[WHAT YOU WILL DO]
Leave the images out. Give every line below again, precisely.

[RECORDED DATA]
********

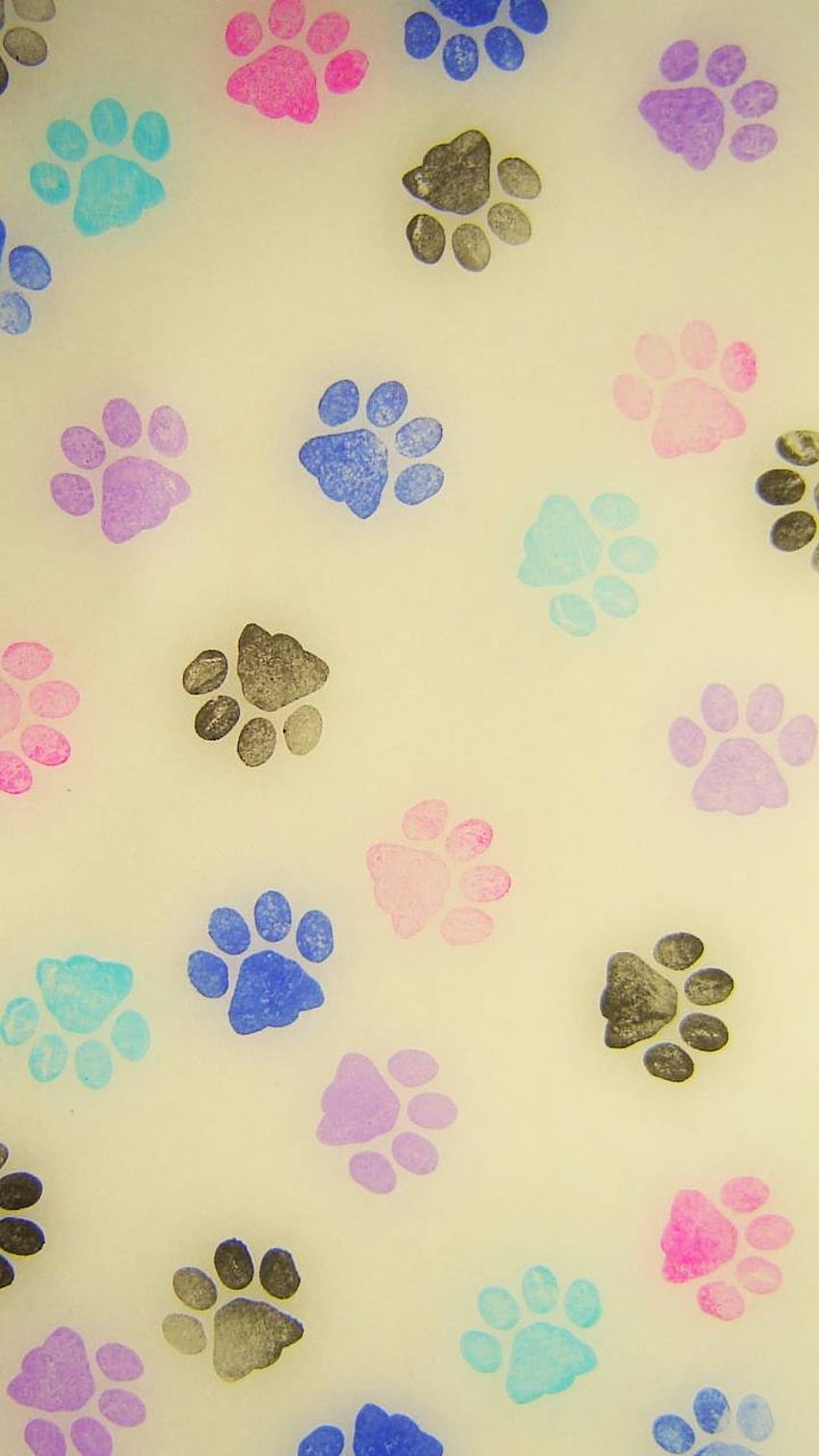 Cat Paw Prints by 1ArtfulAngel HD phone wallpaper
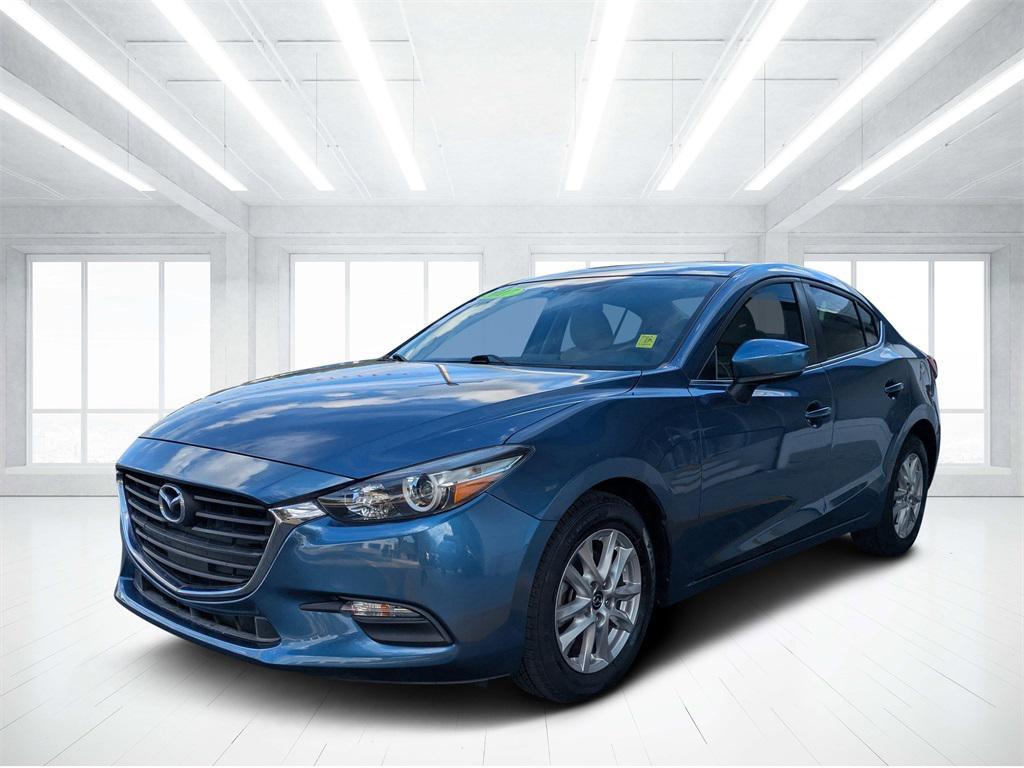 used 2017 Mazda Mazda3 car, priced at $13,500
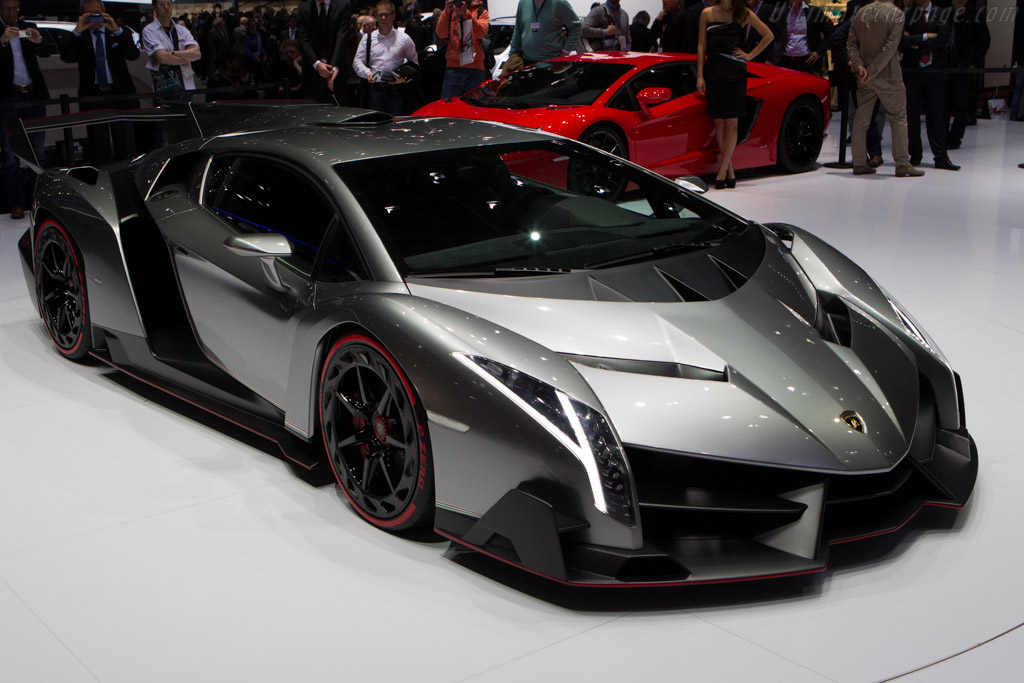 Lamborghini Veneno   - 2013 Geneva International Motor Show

********

[ANSWER TO THE EXERCISE]
 Cat Paw Prints by 1ArtfulAngel HD phone wallpaper
 used 2017 Mazda Mazda3 car, priced at $13,500
 Lamborghini Veneno   - 2013 Geneva International Motor Show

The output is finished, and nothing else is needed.